WHAT TO PRODUCE
Count how many lines hold "Decor" in the records, and respond with that number by itself.
EXTRACTED INFORMATION Start Marker
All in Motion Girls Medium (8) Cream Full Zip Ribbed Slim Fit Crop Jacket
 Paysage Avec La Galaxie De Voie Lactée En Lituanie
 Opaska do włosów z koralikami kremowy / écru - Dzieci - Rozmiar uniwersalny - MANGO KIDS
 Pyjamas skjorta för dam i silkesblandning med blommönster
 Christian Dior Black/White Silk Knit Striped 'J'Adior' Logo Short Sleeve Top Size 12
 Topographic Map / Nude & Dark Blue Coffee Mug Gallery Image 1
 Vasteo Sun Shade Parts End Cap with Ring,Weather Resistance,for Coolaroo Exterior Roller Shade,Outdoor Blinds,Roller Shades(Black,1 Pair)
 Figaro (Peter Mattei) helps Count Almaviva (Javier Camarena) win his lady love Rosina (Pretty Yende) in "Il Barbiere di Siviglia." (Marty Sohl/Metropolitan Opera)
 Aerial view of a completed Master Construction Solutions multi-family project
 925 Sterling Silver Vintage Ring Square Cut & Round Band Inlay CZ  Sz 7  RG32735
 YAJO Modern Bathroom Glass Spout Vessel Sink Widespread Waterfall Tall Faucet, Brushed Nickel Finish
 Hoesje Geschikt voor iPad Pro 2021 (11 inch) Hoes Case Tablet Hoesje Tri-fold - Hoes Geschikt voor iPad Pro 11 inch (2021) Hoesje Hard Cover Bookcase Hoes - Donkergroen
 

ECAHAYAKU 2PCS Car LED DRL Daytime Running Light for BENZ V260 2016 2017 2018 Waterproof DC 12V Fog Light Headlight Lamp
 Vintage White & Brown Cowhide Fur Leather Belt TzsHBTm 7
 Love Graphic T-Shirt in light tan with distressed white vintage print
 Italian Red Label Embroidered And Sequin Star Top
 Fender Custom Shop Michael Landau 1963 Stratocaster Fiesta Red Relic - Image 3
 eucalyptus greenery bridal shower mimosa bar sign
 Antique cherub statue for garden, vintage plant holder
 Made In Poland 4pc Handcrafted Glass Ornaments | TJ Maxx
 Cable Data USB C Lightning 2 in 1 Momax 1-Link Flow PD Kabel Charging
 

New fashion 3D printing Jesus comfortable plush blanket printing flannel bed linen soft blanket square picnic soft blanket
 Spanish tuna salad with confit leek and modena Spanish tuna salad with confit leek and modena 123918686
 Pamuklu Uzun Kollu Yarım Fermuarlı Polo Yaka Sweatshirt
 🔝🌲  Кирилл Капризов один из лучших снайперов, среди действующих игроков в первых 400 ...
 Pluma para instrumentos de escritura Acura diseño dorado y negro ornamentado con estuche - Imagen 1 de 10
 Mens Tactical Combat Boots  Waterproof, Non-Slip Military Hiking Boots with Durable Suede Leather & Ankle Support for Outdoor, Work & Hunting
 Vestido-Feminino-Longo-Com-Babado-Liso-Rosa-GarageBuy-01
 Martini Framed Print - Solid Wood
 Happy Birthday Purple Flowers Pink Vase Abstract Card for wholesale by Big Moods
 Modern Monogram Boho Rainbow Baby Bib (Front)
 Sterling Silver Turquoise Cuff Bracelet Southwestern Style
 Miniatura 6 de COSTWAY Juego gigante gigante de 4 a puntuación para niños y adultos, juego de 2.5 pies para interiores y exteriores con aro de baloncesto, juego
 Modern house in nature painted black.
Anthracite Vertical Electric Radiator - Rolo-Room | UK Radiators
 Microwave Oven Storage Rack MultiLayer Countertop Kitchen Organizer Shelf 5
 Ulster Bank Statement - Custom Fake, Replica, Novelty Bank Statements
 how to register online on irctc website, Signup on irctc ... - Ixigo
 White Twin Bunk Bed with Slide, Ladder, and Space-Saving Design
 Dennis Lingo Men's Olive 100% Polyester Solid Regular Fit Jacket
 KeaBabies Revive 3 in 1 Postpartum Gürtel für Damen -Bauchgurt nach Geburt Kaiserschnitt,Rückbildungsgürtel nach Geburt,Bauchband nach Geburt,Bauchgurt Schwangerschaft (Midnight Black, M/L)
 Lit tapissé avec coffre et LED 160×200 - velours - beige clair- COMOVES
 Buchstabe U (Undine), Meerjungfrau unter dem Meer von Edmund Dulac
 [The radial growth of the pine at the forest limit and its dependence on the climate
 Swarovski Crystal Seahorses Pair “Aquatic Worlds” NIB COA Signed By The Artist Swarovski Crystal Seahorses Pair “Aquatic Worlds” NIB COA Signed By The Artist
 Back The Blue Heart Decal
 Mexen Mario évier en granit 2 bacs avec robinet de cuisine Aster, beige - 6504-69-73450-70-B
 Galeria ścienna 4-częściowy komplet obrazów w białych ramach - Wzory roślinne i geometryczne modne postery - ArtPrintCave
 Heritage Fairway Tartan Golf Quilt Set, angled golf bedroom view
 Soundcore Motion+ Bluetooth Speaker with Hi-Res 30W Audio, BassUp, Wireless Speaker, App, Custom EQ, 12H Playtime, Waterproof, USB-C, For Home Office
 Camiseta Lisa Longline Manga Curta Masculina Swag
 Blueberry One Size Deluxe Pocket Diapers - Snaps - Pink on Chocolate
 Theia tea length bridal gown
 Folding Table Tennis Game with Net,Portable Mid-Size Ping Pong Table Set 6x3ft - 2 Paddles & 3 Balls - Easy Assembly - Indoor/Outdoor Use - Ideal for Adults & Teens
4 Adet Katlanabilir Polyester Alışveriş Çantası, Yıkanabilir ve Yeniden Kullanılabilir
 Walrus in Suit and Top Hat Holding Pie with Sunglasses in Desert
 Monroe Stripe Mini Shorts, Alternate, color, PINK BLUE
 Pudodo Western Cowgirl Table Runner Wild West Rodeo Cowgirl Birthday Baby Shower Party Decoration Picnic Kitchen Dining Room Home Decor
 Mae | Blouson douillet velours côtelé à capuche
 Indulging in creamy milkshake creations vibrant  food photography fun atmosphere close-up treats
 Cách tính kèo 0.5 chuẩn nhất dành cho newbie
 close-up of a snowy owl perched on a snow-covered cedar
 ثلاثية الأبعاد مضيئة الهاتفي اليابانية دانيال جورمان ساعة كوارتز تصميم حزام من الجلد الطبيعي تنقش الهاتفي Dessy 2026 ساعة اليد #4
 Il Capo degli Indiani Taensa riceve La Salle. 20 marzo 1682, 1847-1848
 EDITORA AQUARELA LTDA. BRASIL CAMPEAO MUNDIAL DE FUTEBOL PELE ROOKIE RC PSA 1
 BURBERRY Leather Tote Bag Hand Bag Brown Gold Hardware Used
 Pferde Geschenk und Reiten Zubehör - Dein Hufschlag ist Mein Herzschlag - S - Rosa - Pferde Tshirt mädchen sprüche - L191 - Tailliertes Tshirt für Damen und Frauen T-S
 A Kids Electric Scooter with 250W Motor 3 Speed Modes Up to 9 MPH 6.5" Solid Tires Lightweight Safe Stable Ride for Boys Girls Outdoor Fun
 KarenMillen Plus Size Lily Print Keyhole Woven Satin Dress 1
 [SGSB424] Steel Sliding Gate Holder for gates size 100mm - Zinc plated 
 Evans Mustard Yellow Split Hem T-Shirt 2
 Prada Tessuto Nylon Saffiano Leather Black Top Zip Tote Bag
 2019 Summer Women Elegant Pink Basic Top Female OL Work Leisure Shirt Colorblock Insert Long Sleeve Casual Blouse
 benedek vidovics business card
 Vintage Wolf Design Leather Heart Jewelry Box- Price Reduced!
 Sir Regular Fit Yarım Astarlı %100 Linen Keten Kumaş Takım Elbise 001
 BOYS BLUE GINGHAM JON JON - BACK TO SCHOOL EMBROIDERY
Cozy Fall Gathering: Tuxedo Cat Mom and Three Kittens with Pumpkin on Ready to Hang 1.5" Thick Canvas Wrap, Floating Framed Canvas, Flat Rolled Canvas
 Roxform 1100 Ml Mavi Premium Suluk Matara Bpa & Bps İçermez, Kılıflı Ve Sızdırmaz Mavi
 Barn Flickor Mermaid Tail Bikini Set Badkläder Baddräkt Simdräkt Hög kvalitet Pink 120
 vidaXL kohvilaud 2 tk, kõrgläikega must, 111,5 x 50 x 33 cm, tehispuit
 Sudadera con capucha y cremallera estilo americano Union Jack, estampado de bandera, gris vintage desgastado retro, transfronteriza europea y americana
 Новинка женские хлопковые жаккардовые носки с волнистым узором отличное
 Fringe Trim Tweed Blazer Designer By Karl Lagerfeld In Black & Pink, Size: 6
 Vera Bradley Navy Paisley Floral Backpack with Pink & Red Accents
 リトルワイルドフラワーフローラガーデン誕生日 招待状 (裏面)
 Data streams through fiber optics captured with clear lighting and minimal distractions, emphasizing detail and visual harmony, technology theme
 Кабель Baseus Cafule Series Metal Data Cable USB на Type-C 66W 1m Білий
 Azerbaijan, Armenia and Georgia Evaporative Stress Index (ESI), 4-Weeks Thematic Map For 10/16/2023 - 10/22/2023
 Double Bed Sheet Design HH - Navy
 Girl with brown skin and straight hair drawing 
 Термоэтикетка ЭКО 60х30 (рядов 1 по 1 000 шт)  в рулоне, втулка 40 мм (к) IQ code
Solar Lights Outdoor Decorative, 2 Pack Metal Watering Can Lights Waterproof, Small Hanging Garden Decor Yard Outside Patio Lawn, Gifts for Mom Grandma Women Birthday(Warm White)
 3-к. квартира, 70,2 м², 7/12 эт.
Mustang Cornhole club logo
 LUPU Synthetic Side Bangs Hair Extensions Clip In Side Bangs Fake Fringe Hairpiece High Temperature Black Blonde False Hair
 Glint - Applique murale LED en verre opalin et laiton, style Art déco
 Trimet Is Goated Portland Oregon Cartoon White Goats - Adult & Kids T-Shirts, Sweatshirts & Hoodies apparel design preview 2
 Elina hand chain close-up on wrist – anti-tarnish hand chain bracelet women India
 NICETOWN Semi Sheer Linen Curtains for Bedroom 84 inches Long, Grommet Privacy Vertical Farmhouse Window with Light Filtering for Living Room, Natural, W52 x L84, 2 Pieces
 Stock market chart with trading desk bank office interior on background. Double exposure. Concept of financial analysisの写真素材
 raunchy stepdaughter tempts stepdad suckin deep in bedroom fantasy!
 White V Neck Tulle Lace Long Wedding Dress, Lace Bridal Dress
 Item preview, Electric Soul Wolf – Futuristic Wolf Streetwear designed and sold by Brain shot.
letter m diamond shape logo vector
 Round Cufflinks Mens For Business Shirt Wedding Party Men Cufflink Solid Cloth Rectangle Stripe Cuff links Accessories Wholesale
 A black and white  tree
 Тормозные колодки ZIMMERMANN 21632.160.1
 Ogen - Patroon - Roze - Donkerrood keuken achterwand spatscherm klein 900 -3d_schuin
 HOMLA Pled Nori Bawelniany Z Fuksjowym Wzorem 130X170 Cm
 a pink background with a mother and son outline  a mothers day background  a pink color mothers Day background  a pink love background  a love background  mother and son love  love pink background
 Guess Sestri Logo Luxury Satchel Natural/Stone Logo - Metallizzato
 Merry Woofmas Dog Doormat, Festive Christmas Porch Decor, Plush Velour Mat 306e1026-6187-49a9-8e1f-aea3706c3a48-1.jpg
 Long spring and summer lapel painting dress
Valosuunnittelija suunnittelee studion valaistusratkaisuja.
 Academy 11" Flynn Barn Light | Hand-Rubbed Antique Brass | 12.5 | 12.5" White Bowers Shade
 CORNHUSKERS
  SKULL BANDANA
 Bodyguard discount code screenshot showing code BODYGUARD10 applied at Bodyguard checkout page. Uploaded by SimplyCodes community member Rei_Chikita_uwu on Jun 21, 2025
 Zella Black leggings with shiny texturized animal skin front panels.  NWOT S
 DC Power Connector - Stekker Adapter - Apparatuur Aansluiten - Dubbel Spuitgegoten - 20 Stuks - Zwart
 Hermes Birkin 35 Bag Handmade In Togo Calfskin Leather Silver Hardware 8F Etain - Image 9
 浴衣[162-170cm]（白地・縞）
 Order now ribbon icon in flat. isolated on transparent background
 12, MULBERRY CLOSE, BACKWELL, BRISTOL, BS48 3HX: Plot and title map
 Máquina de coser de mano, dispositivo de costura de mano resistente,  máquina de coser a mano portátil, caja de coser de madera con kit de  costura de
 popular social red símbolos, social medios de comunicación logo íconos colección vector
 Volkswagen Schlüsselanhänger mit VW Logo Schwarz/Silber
EXTRACTED INFORMATION End Marker
EXERCISE OUTPUT
3